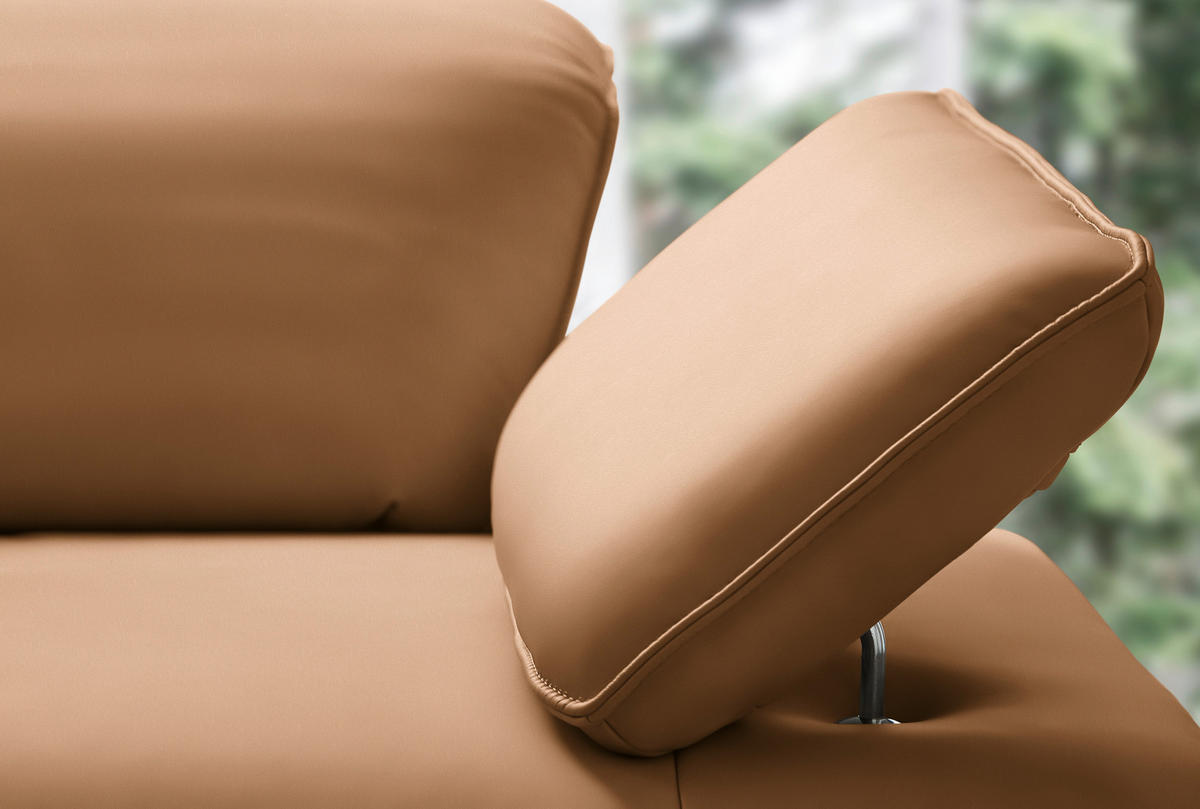 ECKSOFA  in Echtleder Cognac  230/290 cm  - Cognac/Anthrazit, Design, Leder/Metall (230/290cm) - Johann Jakob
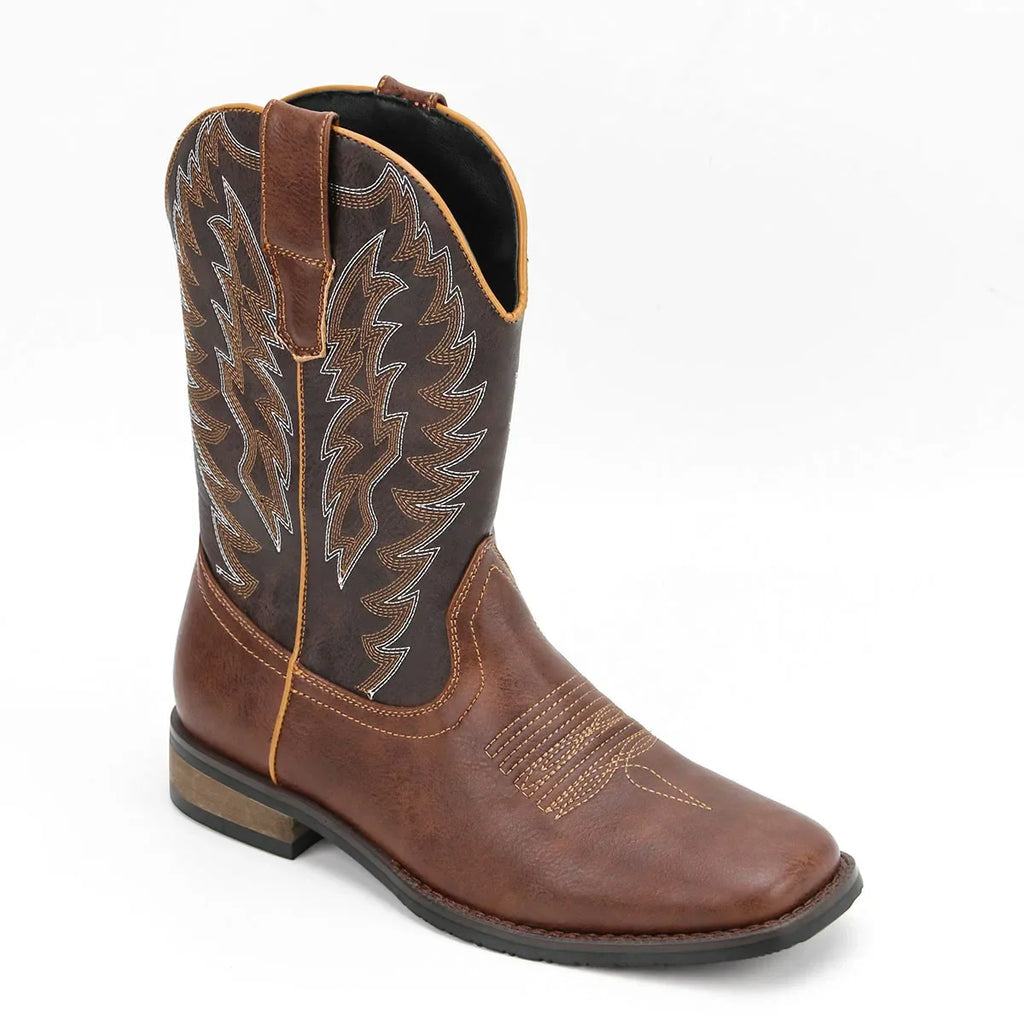 Men's Desert Cowboy Boots Stylish Phoenix Embroidered Western Boots
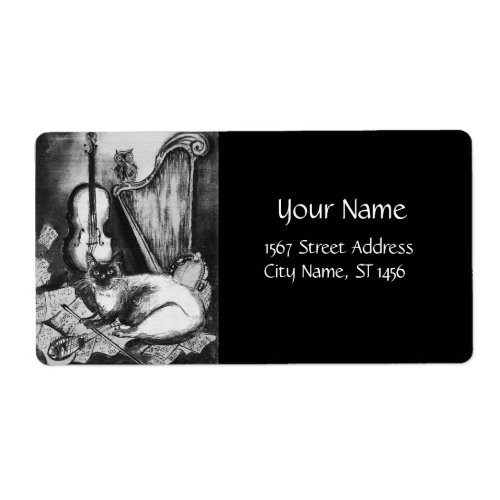 MUSICAL CATOWLVIOLINHARP Black White Grey Music Label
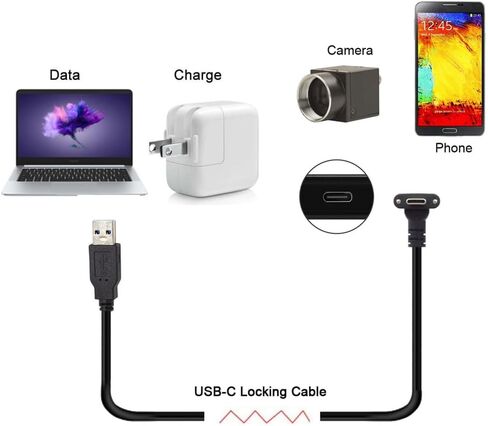 JSER Down Up Angled USB 3.1 Type-C Dual Screw Locking to Standard USB3.0 Data Cable 90 Degree Compatible for Camera (3.0M) in Kuwait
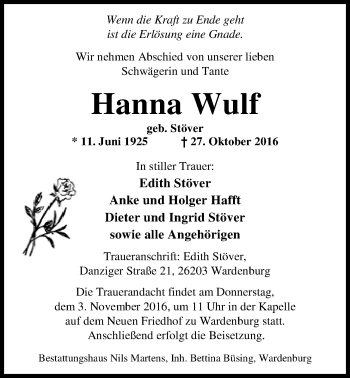 Traueranzeige von Hanna Wulf von Nordwest-Zeitung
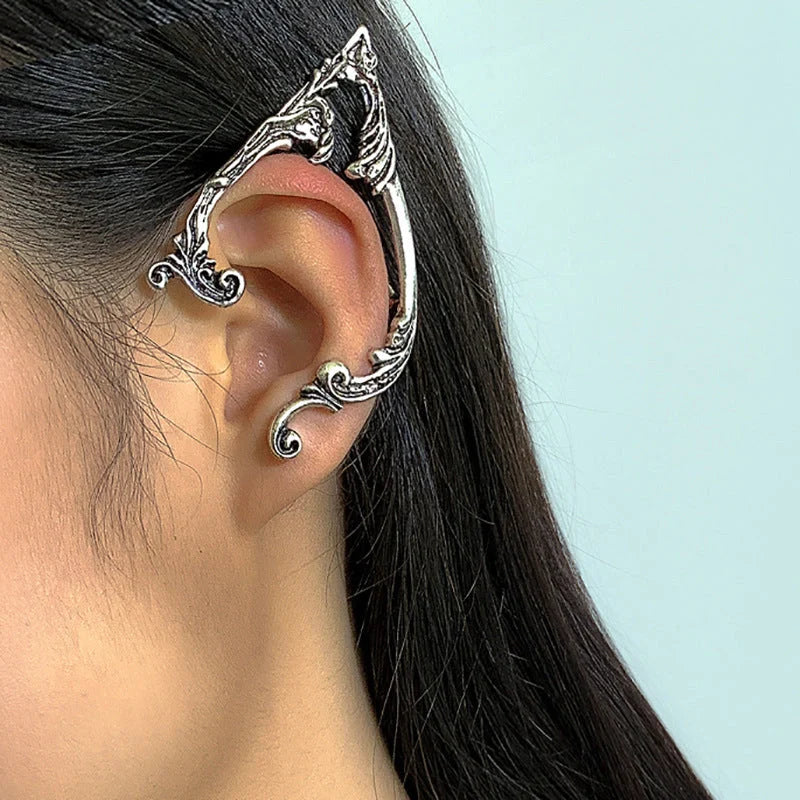 Dark Elf Ear Clip No Piercing Earrings in silver color, perfect for gothic and fairy tale aesthetics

****

**WORK TASK**
The answer is a faithful copy of the records above, with the pictures removed.

**WRITTEN SOLUTION**
 ECKSOFA  in Echtleder Cognac  230/290 cm  - Cognac/Anthrazit, Design, Leder/Metall (230/290cm) - Johann Jakob
 Men's Desert Cowboy Boots Stylish Phoenix Embroidered Western Boots
 MUSICAL CATOWLVIOLINHARP Black White Grey Music Label
 JSER Down Up Angled USB 3.1 Type-C Dual Screw Locking to Standard USB3.0 Data Cable 90 Degree Compatible for Camera (3.0M) in Kuwait
 Traueranzeige von Hanna Wulf von Nordwest-Zeitung
 Dark Elf Ear Clip No Piercing Earrings in silver color, perfect for gothic and fairy tale aesthetics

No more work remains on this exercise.